29 Divide Two Integers

For example, dividend = 15, divisor = 2

Each time, we try to remove k(max) times of divisor(2) from dividend(15), where k * divisor <= dividend.

First time, 15 - divisor 2 2 = 7

Then, 7 - divisor * 2 = 3

Then, 3 - divisor = 1

public int divide(int dividend, int divisor) {
    // corner case
    if (dividend == Integer.MIN_VALUE && divisor == -1) return Integer.MAX_VALUE;
    if (dividend == 0) return 0;
    boolean isPos = ((dividend > 0 && divisor > 0) || (dividend < 0 && divisor < 0)) ? true : false;
    int res = 0;
    long dvd = Math.abs((long) dividend);
    long dvs = Math.abs((long) divisor);
    while (dvs <= dvd) {
        long tmp = dvs, multiple = 1;
        while (dvd >= (tmp << 1)) {
            tmp <<= 1;
            multiple <<= 1;
        }
        dvd -= tmp;
        res += multiple;
    }
    return isPos ? res : -res;
}

31 Next Permutation

First, we observe that for any given sequence that is in descending order, no next larger permutation is possible.
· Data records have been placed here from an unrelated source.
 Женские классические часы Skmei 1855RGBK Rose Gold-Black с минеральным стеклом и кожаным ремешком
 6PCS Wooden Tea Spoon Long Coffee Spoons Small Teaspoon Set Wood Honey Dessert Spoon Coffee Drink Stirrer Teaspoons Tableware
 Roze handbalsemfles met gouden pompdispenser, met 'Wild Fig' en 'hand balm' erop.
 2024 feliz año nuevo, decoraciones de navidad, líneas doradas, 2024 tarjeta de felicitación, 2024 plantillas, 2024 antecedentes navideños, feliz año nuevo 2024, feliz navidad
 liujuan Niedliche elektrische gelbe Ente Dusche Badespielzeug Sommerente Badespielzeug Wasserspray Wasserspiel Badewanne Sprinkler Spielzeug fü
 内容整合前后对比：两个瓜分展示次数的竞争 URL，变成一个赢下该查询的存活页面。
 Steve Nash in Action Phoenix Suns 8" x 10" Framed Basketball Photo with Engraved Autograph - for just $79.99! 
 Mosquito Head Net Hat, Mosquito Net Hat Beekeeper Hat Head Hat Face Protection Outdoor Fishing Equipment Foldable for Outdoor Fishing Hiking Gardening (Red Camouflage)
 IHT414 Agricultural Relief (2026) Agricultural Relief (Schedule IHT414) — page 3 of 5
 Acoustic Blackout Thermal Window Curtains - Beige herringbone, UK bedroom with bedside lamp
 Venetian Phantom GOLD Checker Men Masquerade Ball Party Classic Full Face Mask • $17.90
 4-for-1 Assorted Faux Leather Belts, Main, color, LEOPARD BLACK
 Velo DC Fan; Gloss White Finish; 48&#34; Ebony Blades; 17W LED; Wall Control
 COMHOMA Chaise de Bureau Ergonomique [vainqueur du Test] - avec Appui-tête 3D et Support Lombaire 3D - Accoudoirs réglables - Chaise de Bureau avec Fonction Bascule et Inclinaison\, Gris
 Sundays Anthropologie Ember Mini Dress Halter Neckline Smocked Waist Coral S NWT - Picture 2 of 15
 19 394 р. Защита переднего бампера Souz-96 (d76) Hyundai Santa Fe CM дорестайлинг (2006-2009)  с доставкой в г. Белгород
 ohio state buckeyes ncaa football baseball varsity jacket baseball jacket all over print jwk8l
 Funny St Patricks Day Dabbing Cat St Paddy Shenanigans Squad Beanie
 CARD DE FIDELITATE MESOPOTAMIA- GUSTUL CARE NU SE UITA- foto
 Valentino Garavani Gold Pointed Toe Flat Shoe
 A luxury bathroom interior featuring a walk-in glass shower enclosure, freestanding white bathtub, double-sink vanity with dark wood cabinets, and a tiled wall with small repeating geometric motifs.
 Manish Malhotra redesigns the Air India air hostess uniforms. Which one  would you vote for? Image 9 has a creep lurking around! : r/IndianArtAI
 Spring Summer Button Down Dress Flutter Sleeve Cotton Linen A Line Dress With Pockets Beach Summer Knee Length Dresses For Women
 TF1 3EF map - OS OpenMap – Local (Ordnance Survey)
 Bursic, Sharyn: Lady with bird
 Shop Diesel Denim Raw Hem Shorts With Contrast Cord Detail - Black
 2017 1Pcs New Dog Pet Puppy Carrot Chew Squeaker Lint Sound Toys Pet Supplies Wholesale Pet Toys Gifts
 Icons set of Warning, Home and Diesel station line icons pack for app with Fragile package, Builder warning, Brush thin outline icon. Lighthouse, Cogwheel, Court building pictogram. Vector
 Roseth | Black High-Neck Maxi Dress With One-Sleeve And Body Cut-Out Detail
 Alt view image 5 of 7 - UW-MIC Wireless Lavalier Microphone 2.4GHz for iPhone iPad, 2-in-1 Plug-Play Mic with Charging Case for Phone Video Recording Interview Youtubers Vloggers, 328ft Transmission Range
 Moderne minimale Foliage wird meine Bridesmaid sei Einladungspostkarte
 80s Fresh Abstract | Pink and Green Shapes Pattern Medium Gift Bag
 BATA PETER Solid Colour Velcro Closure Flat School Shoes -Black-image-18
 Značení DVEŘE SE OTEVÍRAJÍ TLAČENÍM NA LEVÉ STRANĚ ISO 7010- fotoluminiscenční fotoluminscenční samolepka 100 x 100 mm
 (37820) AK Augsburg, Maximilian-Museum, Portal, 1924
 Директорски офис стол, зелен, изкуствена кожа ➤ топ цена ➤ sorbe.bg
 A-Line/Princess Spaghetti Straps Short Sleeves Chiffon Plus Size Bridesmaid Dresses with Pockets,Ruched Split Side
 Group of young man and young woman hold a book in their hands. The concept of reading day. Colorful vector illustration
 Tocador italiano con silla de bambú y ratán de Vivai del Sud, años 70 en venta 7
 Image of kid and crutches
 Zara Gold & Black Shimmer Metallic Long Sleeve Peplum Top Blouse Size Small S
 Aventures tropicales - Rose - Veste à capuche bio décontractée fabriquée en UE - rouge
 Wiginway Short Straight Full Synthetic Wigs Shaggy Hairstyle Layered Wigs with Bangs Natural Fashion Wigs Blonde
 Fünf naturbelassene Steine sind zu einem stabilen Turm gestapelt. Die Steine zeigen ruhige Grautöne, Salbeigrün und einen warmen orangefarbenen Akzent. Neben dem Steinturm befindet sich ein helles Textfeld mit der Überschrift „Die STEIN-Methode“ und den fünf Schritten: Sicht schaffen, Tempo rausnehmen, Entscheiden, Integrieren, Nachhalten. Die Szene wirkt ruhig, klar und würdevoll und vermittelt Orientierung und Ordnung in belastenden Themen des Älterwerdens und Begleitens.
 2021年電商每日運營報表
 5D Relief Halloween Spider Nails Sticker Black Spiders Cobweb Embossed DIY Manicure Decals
We need to find the first pair of two successive numbers a[i] and a[i - 1], from the right, which satisfy a[i] > a[i - 1]. Now, all numbers to the right of a[i - 1] are in descending order, which means no larger permutations is possible for that sequence. So we need to increment a[i - 1] and we need to pick one number from a[i] to a[nums.length - 1] to replace with a[i - 1]. That would be the first number greater than a[i - 1] from the right. Then after the replacement, all the numbers to the right of a[i - 1] still remain descending. So finally, we need to reverse all the numbers from a[i] to a[nums.length - 1].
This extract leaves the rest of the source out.